Turkey expresses concern over Germany’s potential headscarf ban
Turkey has raised concerns about the introduction of a new law in Germany could lead to a ban on the Islamic headscarf, Turkish state-run Anadolu news agency said on Saturday.
Germany’s new dress regulation that puts a ban on public officials wearing religious symbols undermining their neutrality while at work.
The law passed by the German Federal Council (Bundesrat) pertains to the appearance of civil servants, containing regulations over the use of tattoos, piercings, beards and body jewellery, as well as religious symbols.
The Turkish foreign ministry criticized the regulation saying that it could jeopardize religious freedom of the country’s Muslim minority.

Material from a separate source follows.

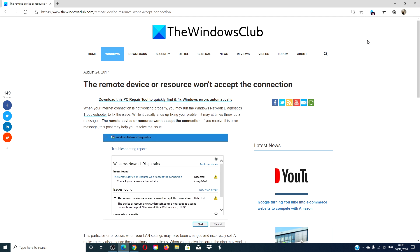Hello Windows Universe! In this video, we will look at the problem the remote device or resource won't accept the connection.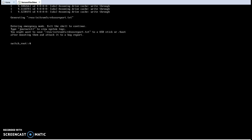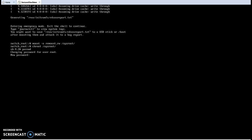Now change the root to sysroot. Then change the root to sysroot using the chroot command. Then type 'passwd' and enter your new password.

“With the Act on regulating the appearance of female and male civil servants' passed today by the Federal Council in Germany, the competent ministries and administrations are given the power to restrict the appearance of civil servants evoking their religious beliefs or world views, " Anadolu cited Turkish Foreign Ministry Spokesman Tanju Bilgiç as saying.
Bilgiç said the legislation was prepared in a hurry, without opinions of non-governmental organizations and proper public discussion, provoking justified reactions, Anadolu Agency reported.
"It is extremely important that this regulation is implemented without harming the freedom of belief of our citizens and the Muslim community living in Germany and that it does in no way lead to a headscarf ban," he added.
Meanwhile, Islamic associations in Germany criticized the law saying a headscarf ban might ensue, German broadcaster ZDF said on Friday.
"That is the wrong signal to the many Muslims in our country," said the Muslim Coordination Council, which introduced an online petition calling for the law to be withdrawn.
However, the Federal Ministry of the Interior made it clear that there can be bans on religious clothing only in exceptional cases, ZDF said.
"Of course, public officials could continue to wear religious symbols and clothing. This can only be forbidden "in a few exceptional cases,” a spokeswoman of the interior ministry added.
The law states that the wearing of religious items can be restricted or prohibited "if they are objectively capable of impairing trust in the civil servant's neutral conduct of office", ZDF added.